What to produce
Could you give the entries back exactly as they stand, minus any pictures?

▼

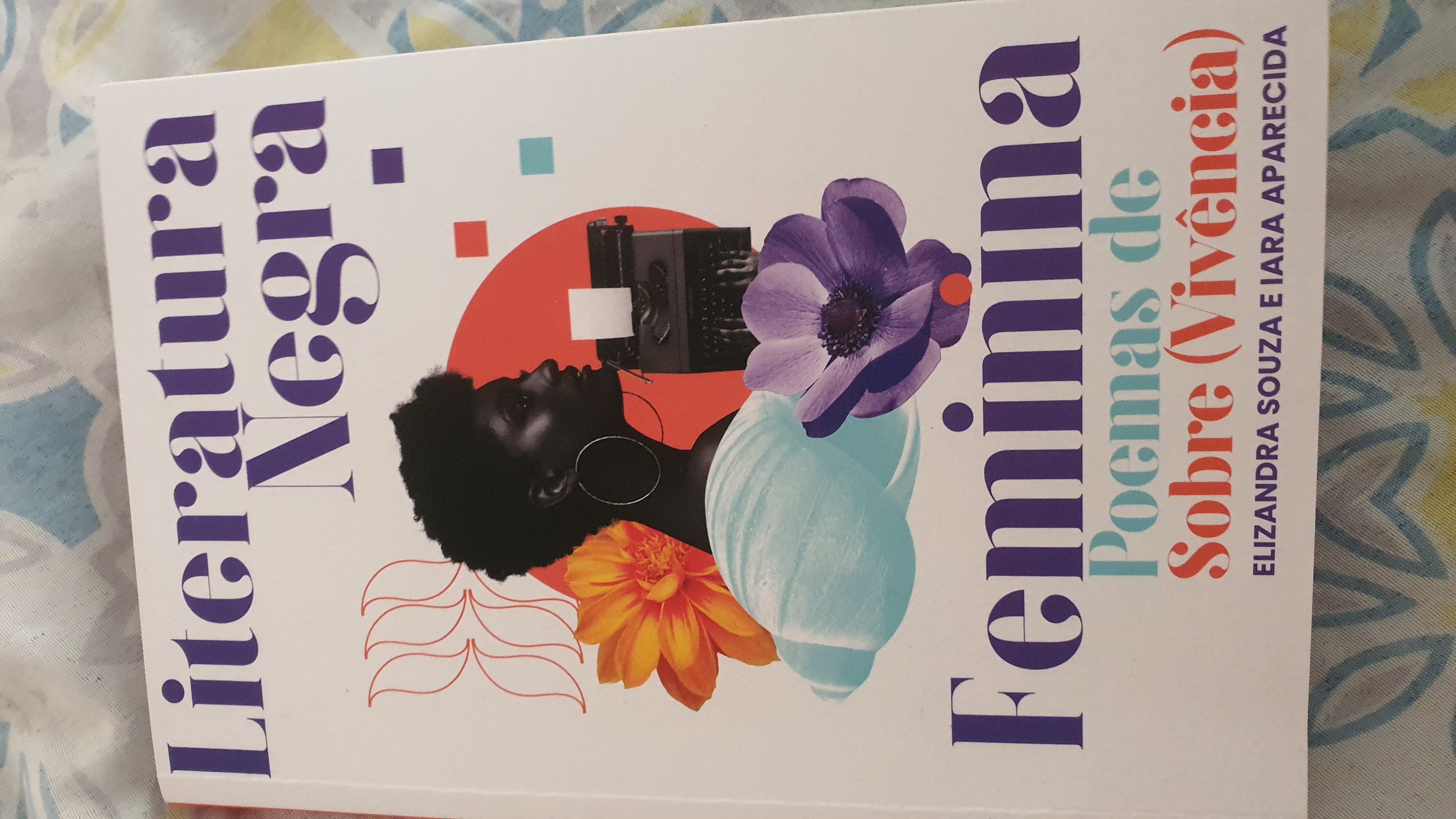 Literatura Negra Feminina Poemas de Sobre(Vivência)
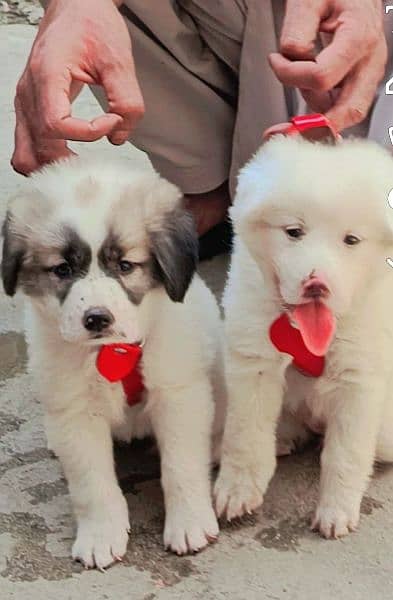 Turkish Kangal bakarwal 03338121017 4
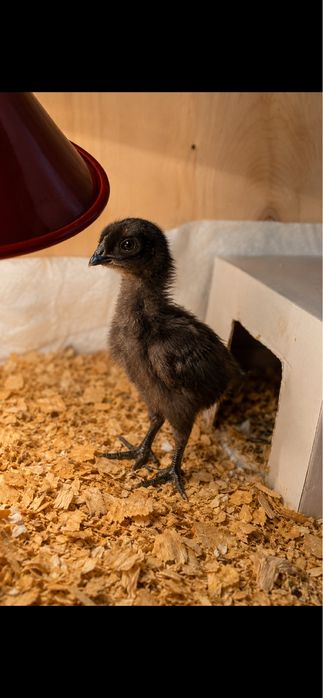 Pintos Ayam Cemani – Raça Ornamental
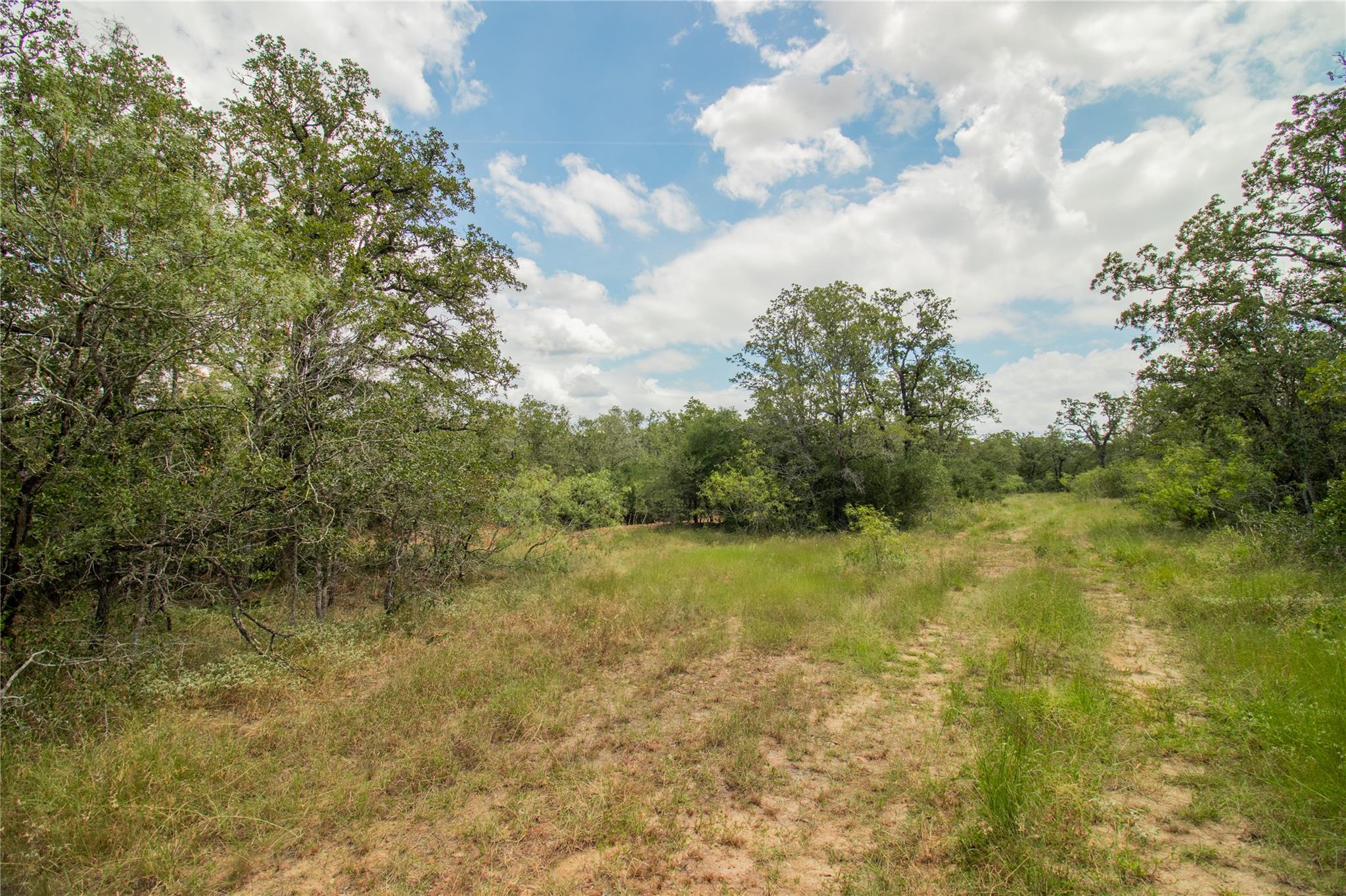 9057 Sycamore Shade Ln, Kingsbury, TX 78155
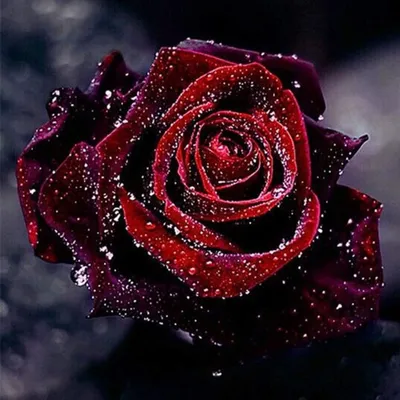 Obrázek produktu pro Diamond Painting Rose 5D Diamond Painting Pictures Kompletní sada DIY křišťálových štrasových výšivek s diamantovým příslušenstvím, 30 x 30 cm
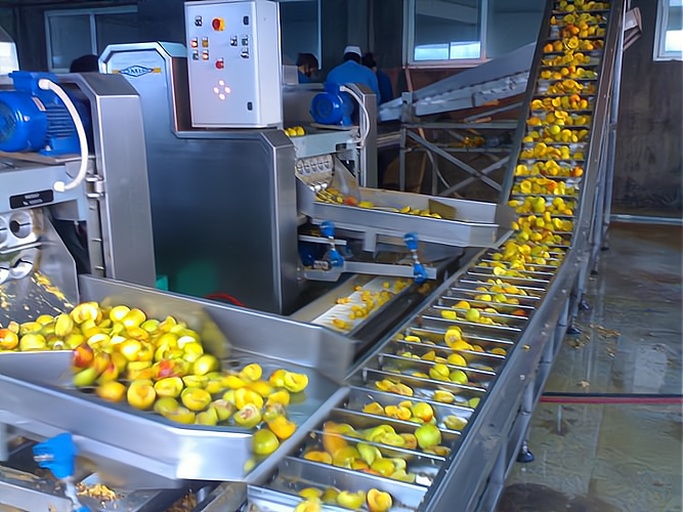 一条现代化的青皮核桃加工流水线,展示从原料输送、清洗去皮、漂白杀菌到自动分拣包装的全过程。设备包括不锈钢传送带、滚筒去皮机、喷淋清洗槽、紫外线消毒通道和电子称重分选机,工人正在监控操作面板,环境整洁明亮,体现规范化生产场景 青皮核桃加工生产线全景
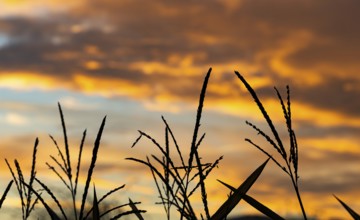 Silhouette, cornfield, nature, sunrise, dawn, Denzlingen, Germany, Europe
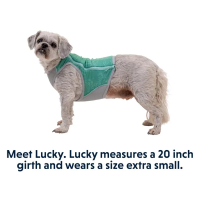 Ruffwear Swamp Cooler Zip Dog Cooling Vest - Aurora Teal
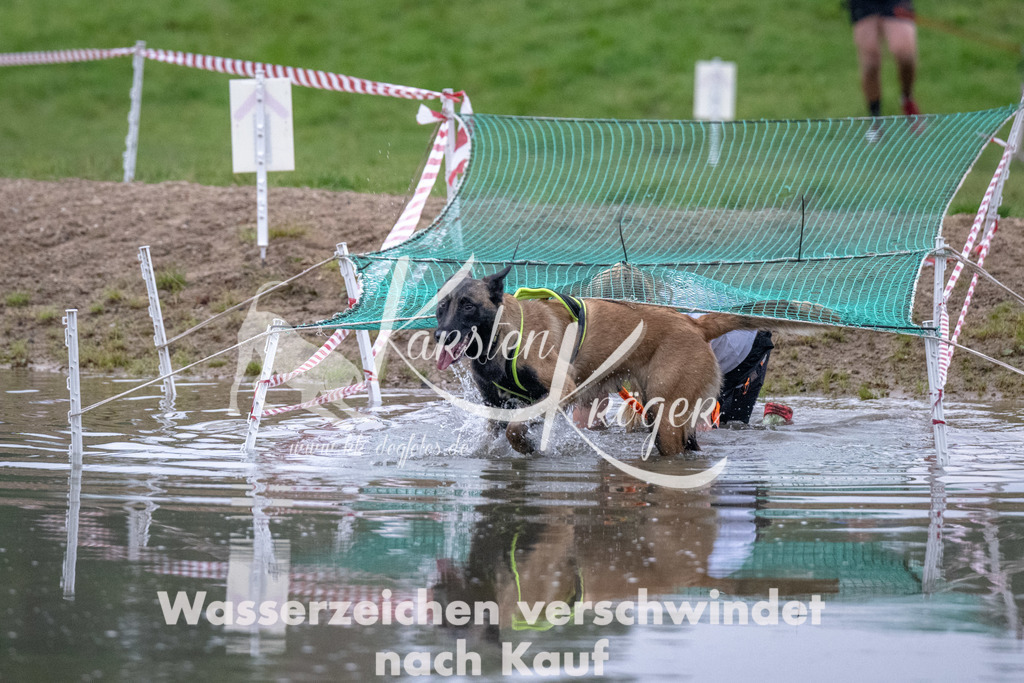 0810_ZZ90112 | kk-dogfotos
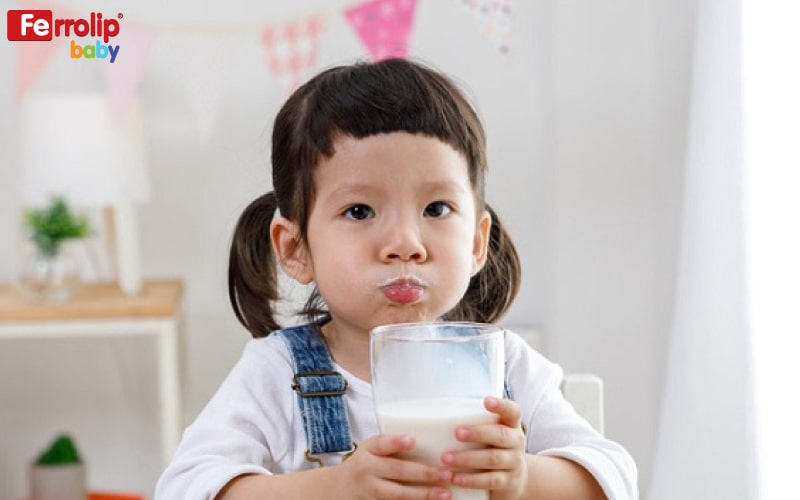 Trẻ dưới 12 tháng không được uống sữa tươi
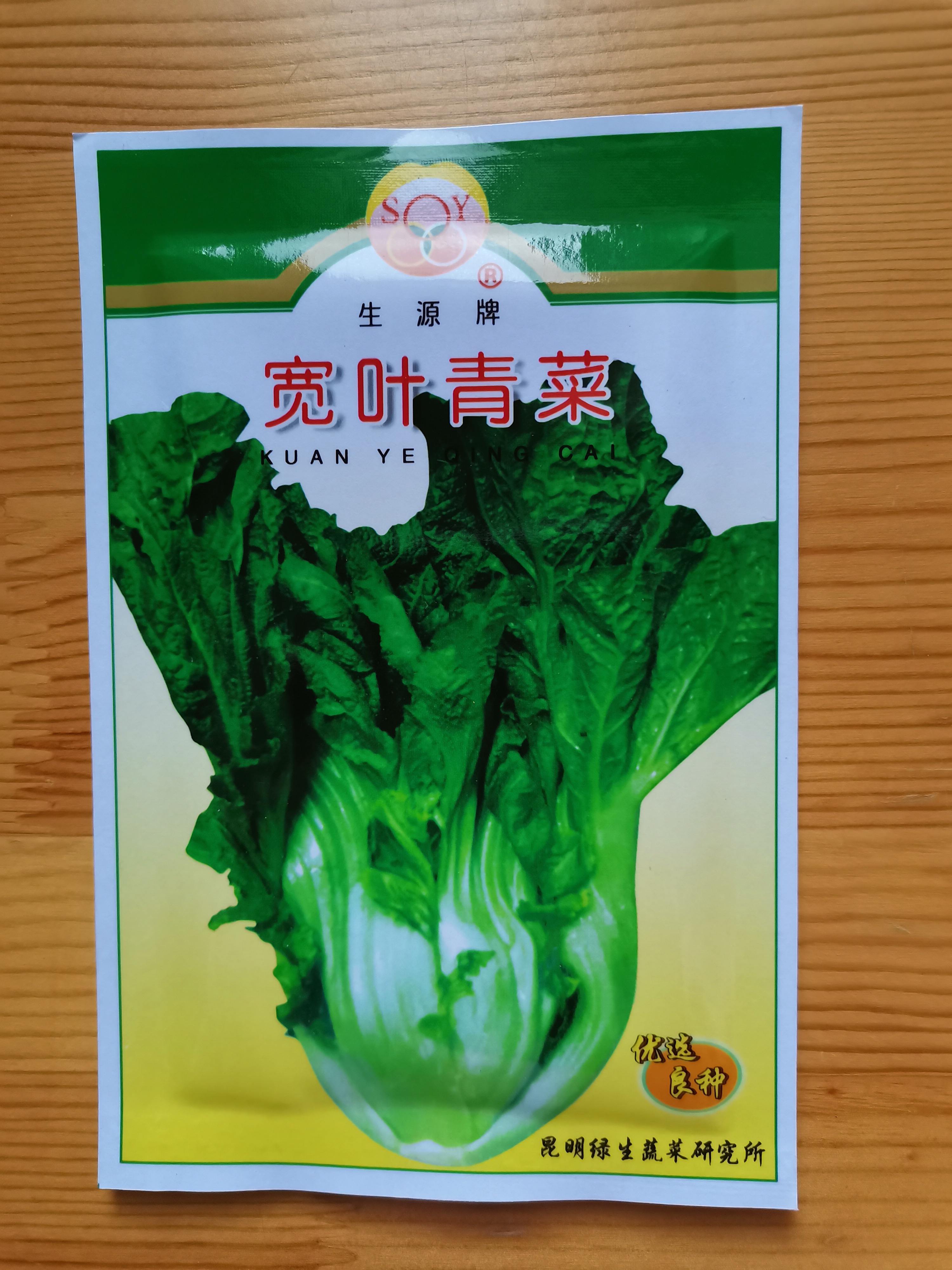 云南蔬菜种子包邮宽叶苦菜20克芥菜籽大青菜昆明老品种菜农大田种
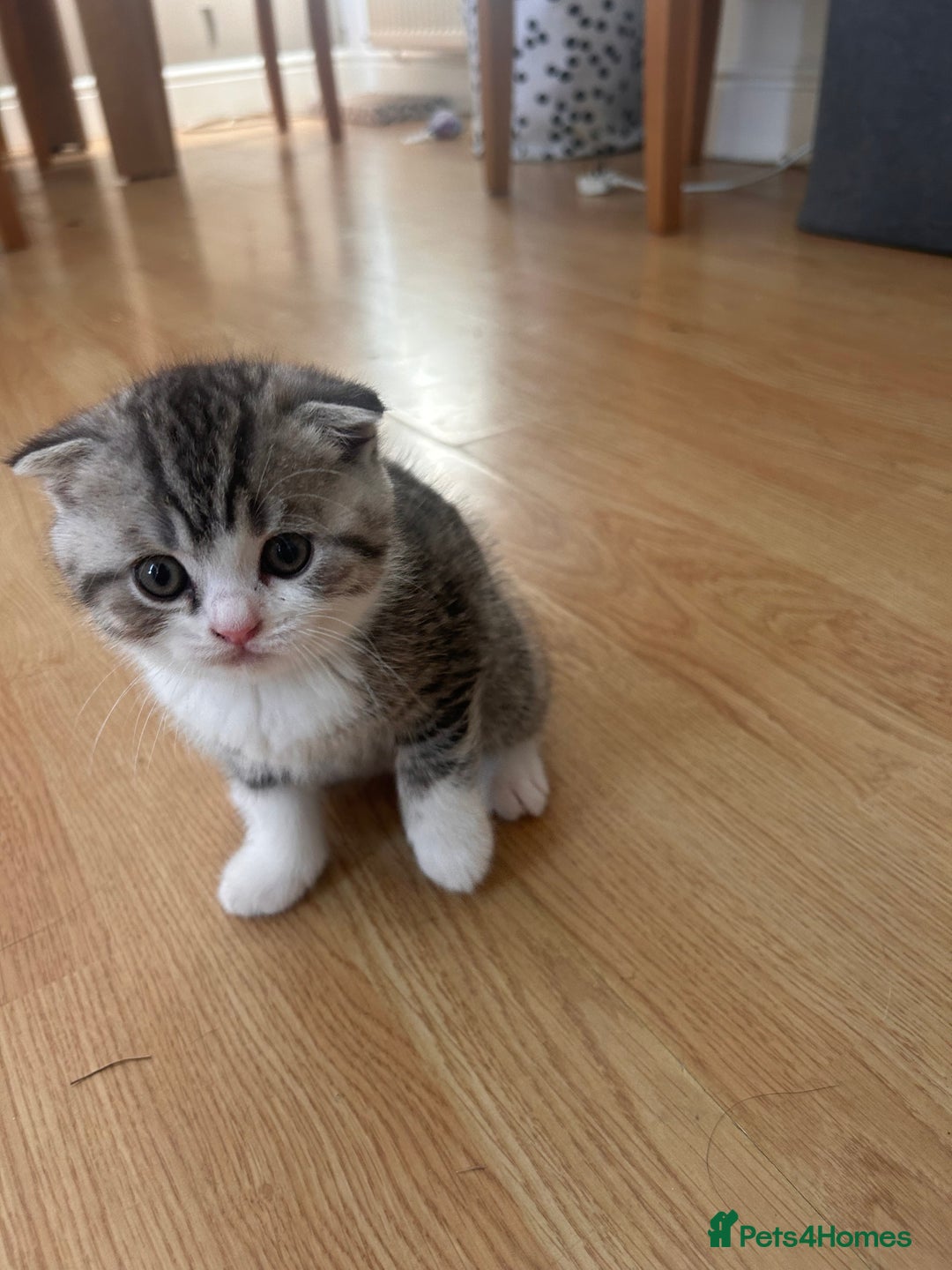 Scottish Fold cats for sale: Scottish fold and straights - Image 23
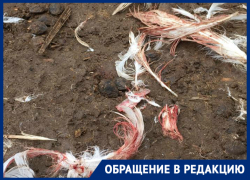 В Астрахани бродячие собаки растерзали живность на глазах у хозяйки В Астрахани бродячие собаки растерзали живность на глазах у хозяйки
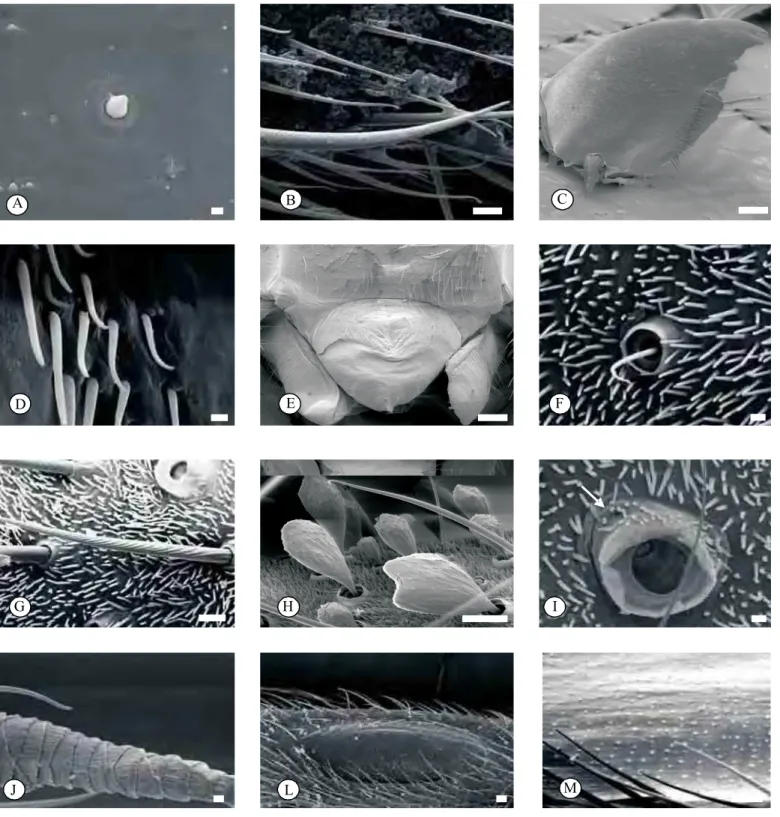 Fig. 8 - Microscopia eletrônica de varredura das peças bucais, placa sub-genital, cercos e tímpano.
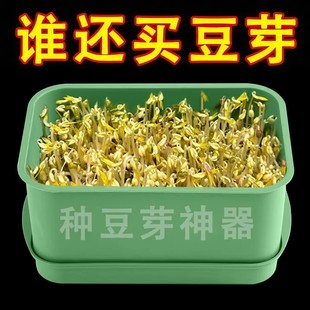 家用发豆芽工具神器大容量发芽盆生绿豆芽方法芽花生芽专用盆种植
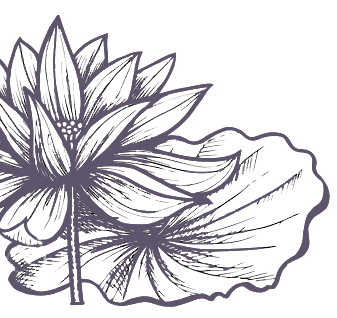 lily image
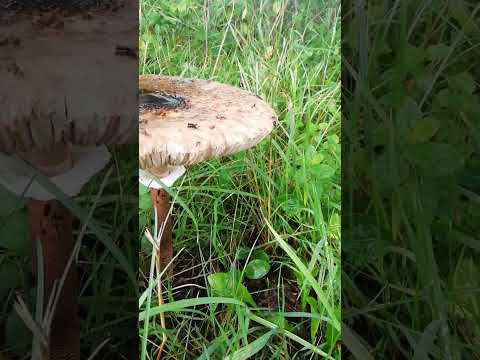 kleiner und großer Gemeiner Riesenschirmling Pilz Parasol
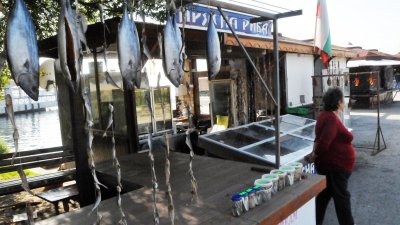 Веяният паламуд на рибната борса в Несебър удари 20 лева парчето. Снимки Лина Главинова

▲

Completed task
 Literatura Negra Feminina Poemas de Sobre(Vivência)
 Turkish Kangal bakarwal 03338121017 4
 Pintos Ayam Cemani – Raça Ornamental
 9057 Sycamore Shade Ln, Kingsbury, TX 78155
 Obrázek produktu pro Diamond Painting Rose 5D Diamond Painting Pictures Kompletní sada DIY křišťálových štrasových výšivek s diamantovým příslušenstvím, 30 x 30 cm
 一条现代化的青皮核桃加工流水线,展示从原料输送、清洗去皮、漂白杀菌到自动分拣包装的全过程。设备包括不锈钢传送带、滚筒去皮机、喷淋清洗槽、紫外线消毒通道和电子称重分选机,工人正在监控操作面板,环境整洁明亮,体现规范化生产场景 青皮核桃加工生产线全景
 Silhouette, cornfield, nature, sunrise, dawn, Denzlingen, Germany, Europe
 Ruffwear Swamp Cooler Zip Dog Cooling Vest - Aurora Teal
 0810_ZZ90112 | kk-dogfotos
 Trẻ dưới 12 tháng không được uống sữa tươi
 云南蔬菜种子包邮宽叶苦菜20克芥菜籽大青菜昆明老品种菜农大田种
 Scottish Fold cats for sale: Scottish fold and straights - Image 23
 В Астрахани бродячие собаки растерзали живность на глазах у хозяйки В Астрахани бродячие собаки растерзали живность на глазах у хозяйки
 Fig. 8 - Microscopia eletrônica de varredura das peças bucais, placa sub-genital, cercos e tímpano.
 家用发豆芽工具神器大容量发芽盆生绿豆芽方法芽花生芽专用盆种植
 lily image
 kleiner und großer Gemeiner Riesenschirmling Pilz Parasol
 Веяният паламуд на рибната борса в Несебър удари 20 лева парчето. Снимки Лина Главинова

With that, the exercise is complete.